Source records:
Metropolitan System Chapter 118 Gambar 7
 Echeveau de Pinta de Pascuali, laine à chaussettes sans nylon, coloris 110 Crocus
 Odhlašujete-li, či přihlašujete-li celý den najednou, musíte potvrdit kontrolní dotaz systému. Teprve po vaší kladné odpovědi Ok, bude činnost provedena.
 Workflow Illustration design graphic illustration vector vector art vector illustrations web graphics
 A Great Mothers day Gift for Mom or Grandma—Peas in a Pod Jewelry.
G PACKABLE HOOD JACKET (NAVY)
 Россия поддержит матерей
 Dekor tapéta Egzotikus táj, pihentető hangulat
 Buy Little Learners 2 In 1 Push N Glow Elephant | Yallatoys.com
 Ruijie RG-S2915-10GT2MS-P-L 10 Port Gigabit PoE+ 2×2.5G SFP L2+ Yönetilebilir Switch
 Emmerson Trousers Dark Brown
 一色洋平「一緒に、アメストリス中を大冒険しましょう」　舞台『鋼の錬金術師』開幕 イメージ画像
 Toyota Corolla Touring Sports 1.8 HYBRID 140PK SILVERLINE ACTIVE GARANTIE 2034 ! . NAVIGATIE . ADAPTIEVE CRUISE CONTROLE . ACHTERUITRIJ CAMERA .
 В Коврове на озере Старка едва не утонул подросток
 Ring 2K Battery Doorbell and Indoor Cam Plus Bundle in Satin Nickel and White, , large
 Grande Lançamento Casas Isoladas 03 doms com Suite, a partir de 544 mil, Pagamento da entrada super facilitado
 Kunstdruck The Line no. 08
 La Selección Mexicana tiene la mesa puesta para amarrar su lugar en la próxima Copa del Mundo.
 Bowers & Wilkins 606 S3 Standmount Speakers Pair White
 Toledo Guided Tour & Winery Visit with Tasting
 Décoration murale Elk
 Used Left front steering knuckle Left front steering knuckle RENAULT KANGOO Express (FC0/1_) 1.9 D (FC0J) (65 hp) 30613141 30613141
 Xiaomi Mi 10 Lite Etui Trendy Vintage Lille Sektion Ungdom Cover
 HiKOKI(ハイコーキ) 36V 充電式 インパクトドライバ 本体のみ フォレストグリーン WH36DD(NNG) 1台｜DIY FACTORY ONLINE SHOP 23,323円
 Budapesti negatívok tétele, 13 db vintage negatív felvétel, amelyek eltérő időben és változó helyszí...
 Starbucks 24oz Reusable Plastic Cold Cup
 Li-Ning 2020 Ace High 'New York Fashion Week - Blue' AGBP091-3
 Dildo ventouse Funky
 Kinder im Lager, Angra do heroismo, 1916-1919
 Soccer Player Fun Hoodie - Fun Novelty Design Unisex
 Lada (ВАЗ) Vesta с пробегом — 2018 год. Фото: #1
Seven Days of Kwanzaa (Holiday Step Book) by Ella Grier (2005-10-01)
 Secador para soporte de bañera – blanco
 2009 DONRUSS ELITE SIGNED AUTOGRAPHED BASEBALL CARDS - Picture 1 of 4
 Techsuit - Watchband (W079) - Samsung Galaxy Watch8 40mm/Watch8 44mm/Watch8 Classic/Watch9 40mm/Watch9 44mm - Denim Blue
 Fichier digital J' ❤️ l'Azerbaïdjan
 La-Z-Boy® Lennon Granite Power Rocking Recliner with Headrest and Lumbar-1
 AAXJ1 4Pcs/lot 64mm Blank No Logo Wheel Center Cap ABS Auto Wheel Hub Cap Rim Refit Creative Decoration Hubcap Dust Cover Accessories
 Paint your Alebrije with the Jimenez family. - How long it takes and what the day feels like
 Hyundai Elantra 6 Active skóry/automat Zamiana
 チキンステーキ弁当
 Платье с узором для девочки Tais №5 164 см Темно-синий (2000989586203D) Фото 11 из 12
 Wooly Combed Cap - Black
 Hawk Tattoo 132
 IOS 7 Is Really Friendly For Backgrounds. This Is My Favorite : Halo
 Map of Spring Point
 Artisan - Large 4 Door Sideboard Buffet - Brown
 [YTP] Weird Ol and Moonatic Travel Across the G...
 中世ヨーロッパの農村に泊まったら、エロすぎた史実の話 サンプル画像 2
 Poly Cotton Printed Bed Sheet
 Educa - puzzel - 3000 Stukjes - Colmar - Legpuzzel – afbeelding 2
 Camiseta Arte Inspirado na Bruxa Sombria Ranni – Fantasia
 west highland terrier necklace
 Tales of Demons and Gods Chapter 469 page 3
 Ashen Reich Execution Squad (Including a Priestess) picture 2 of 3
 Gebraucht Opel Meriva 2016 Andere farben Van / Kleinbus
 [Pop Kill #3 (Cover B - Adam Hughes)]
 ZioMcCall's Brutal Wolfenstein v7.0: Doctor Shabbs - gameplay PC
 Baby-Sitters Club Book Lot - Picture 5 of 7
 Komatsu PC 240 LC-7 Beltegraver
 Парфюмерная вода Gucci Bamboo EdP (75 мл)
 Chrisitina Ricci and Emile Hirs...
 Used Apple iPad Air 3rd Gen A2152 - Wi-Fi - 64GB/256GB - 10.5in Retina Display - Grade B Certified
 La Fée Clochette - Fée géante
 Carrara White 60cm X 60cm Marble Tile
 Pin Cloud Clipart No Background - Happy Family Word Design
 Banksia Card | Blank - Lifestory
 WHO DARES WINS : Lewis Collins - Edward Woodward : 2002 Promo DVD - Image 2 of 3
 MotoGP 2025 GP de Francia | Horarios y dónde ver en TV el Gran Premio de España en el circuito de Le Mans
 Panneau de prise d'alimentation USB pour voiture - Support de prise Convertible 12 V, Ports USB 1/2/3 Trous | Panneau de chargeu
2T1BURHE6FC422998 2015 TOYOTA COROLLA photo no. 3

• Your instructions
Your answer should be the lines above, from the line containing "Artisan - Large" up to and including the line containing "Educa - puzzel", reproduced exactly and with nothing else.

• Exercise result
 Artisan - Large 4 Door Sideboard Buffet - Brown
 [YTP] Weird Ol and Moonatic Travel Across the G...
 中世ヨーロッパの農村に泊まったら、エロすぎた史実の話 サンプル画像 2
 Poly Cotton Printed Bed Sheet
 Educa - puzzel - 3000 Stukjes - Colmar - Legpuzzel – afbeelding 2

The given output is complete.